On October 30, 2012 Lucasfilm merged with the world’s largest media conglomerate with swift signatures from visionary George Lucas and former Warner Bros CEO and now Disney Chairman Alan Horn. Of course the most anticipated project expected from these studios is Star Wars Episode VII. Veteran producer Kathleen Kennedy leads Lucasfilm; and she has been attempting to sway director J.J Abrams to the dark side (pun intended) since Disney’s acquisition of Lucasfilm. Initially Mr. Abrams responded to rumors as the next director of Star Wars, by stating that he would rather view the film as a fan and audience member, rather than crafting his won vision. Now with J.J Abrams onboard the Internet is on fire with reactions from moviegoers and hard-core fans alike.

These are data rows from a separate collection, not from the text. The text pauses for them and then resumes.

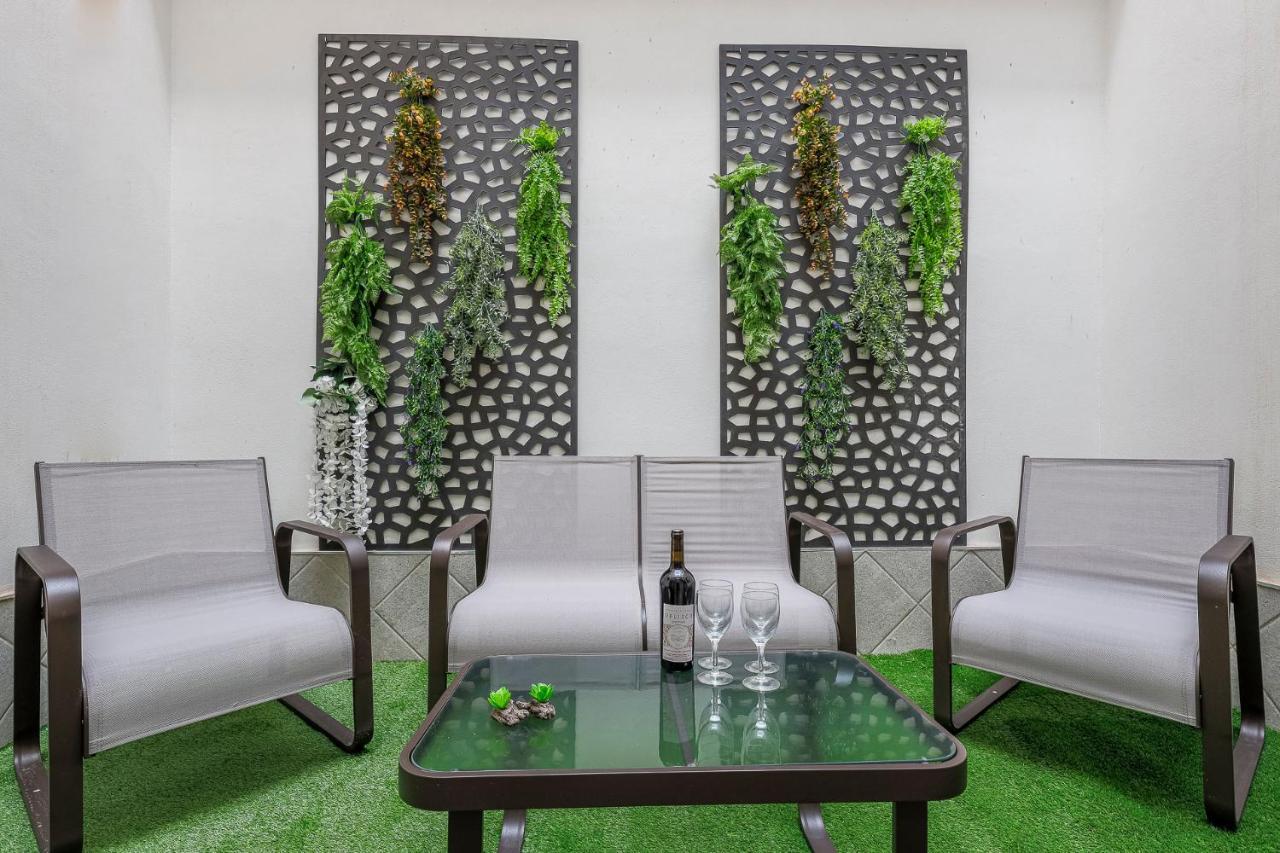 Family Suits Encantos De Apartamento Sevilla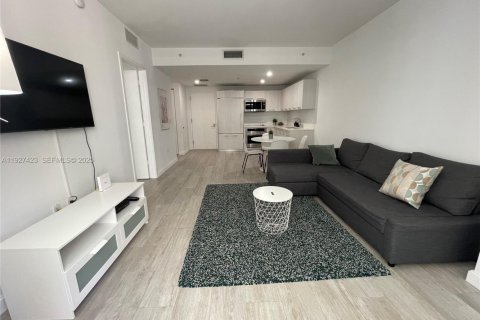 Condominio en venta en Miami, Florida, 1 dormitorio, 57.6 m2 № 1986006 - foto 4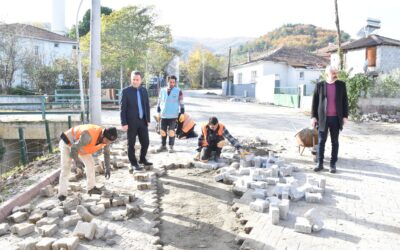 Doğalgaz alt yapı çalışmaları nedeniyle bozulan Kozköy Köyiçi Sokak yolunun bakım ve onarım çalışmaları Belediyemiz Fen İşleri ekiplerimiz tarafından sürdürüyor.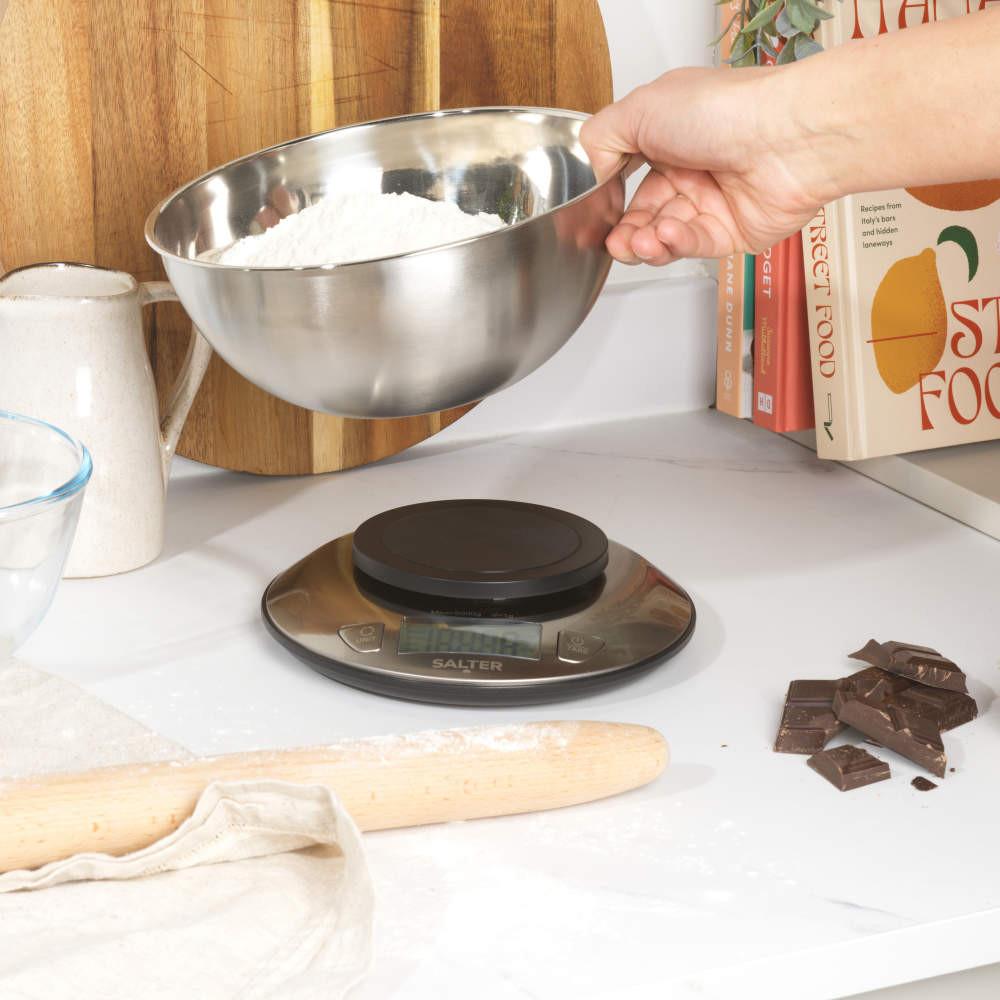 Salter Kitchen Scale With Bowl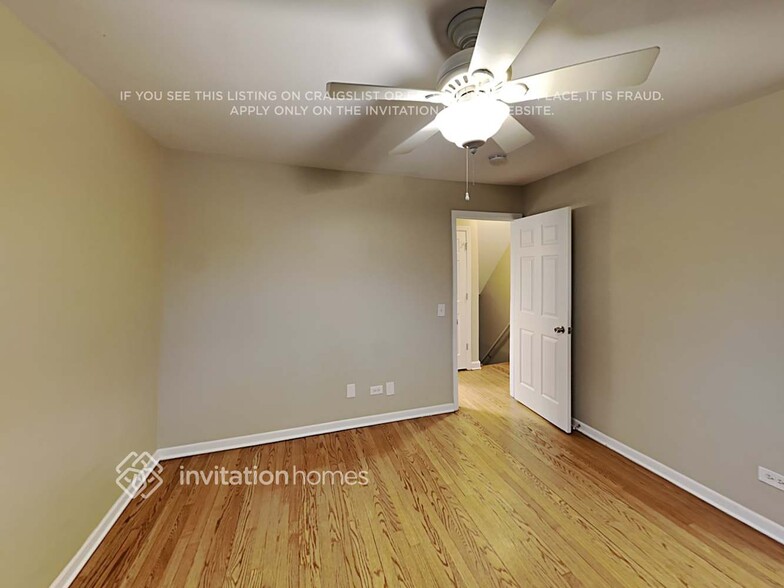 Building Photo - 418 W Lake Park Dr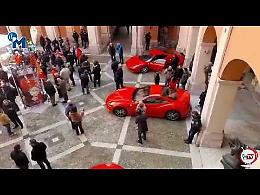 Peruggini in Ferrari ai box di Palazzo Dogana a Foggia per il Campionato Italiano Velocità della Montagna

Overall the response to J.J Abrams being hired is positive. There are some people that are truly concerned about Abrams’ involvement and there are the usual suspects known as Internet trolls that are cherry picking away at any supposed flaws in Mr. Abrams’s work. In regards to the latter entity there have been posts about Episode VII ending as a dream that was shared by stranded people on an eerie island. Of course this is a poor quip and referencing the anticlimactic and unsatisfying conclusion to the television series Lost. I will be the first to admit that I was not a fan of Lost, save for the first season. Yet Super 8, Mission Impossible III, Alias, Fringe, and 2009’s Star Trek are more than enough on his cinematic resume to make me a believer.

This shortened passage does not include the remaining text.